Runoff and nutrient losses from conventional and conservation tillage systems during fixed and variable rate rainfall simulation

Abstract

Tillage systems and fertilizer sources impact soil health and ecosystem services. Rainfall simulations can be used to evaluate tillage and fertilizer management effects on ecosystem services associated with runoff amount and quality. Fixed rate (FR; 57 mm h⁻¹ for 60 minutes) and variable rate (VR; based on the pattern of the most frequent spring rain) simulations were conducted on corn (Zea mays L.) plots supplied with conventional fertilizer (CF; ammonium nitrate [NH₄NO₃]) or poultry litter (PL) and managed with conventional tillage (CT) or no-tillage (NT) on a Cecil soil (Ultisol) near Watkinsville, Georgia. Simulations were conducted in separate years (FR in 2004 and VR in 2005). Tillage and tillage × fertilizer interactions had significant effects on total runoff and sediment loss under FR but not VR. Under FR, 55.8% of the simulated rainfall was partitioned into runoff from CT compared with 9.7% from NT. Under VR, 42% to 60% was partitioned into runoff with no difference among treatments. Sediment loss was 11-fold greater from CT compared with NT under FR (919 g versus 82 g). Under VR, sediment loss varied between 755 g and 2,174 g with no difference among treatments.
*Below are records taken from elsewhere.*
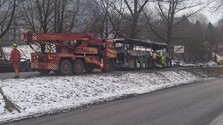 FOTO/VIDEO: Tragická zrážka kamiónu s autobusom na Liptove. Vodič diaľkovej linky uhorel, hlásia aj zranených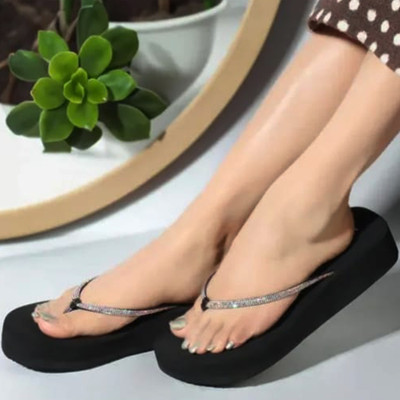 SUMISTI FASHION Women Slippers(Black , 5)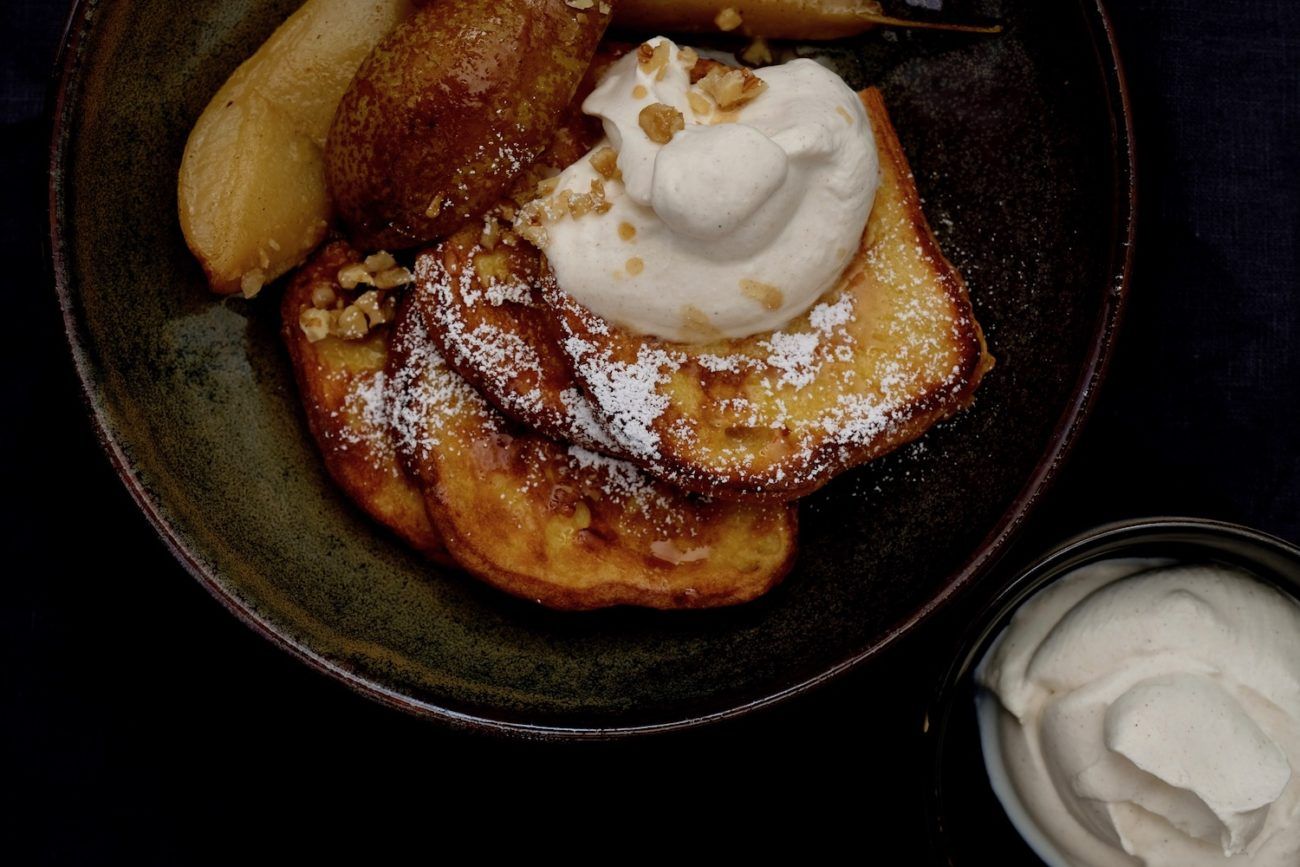 Rezept: French Toast mit Birnen und Riesling-Karamellsoße - ABOUT FUEL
Tillage and tillage × fertilizer interactions had significant effects on total load for ammonium-nitrogen (NH₄-N) and nitrate-nitrogen (NO₃-N) in both methods and dissolved reactive and total phosphorus (DRP and TP) under VR. Fertilizer source affected loads of NH₄-N under VR and NO₃-N and TP under both methods. Our results confirm that 12 years of continuous NT on a Cecil soil, representative of much of the Southern Piedmont, is far superior to CT for reducing runoff and sediment loss. Larger and more intense storms predicted in future climate projections warrant greater adoption of reduced tillage systems to counteract potential runoff and sediment losses from CT systems.